Exit West started out as a book I thought I was going to absolutely love. I believe it made President Obama's favorite books of the year list when it was released and is one I've heard a lot of love for. When we meet Nadia and Saeed they are on different paths in their lives and its the turmoil in their home country (which I don't believe is ever named) that brings the two together. When they do finally flee we not only get to understand the life of a refugee but also two individuals with their own hopes and dreams and relational struggles.
And if there is one thing I can take away from Exit West is that when we think about refugee's or those fleeing countries to find better lives we often think of them as groups and not individuals. And Exit West despite being far from a perfect story reminded me over and over again that I need to personally change my perspective. That each of these people not only has families and friends but they have their own hopes, dreams, fears, and desires. And seeing those play out through the two main characters in Exit West was incredibly impactful.
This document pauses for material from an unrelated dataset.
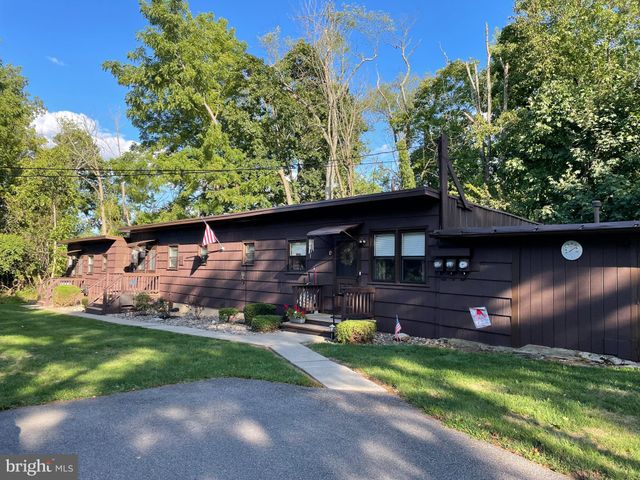 $725,000 | 111 Everitts Road | Raritan Township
But as the two travel the world in search of freedom and a new life their relationship frays, their desires and ambitions change and things for the two become difficult not only for their lives but for their relationship. But towards the second half of the book, there's some really oddly twisting storylines that detract from the overall story. I also felt although most of the book is about Nadia and Saeed I was lacking the full understanding of them as human beings. There's some good build up at the beginning but it slowly goes to nothing at the end.
When I reached the end of Exit West I went from incredibly strong emotions at the end of the first quarter of the book to mild interest and almost just happy it was over. I think Hamid as brilliant of a writer as he is (the first few chapters are amazing) lost his way towards the end. I do believe Exit West even given its flaws is a worthwhile book to read but its far from perfect.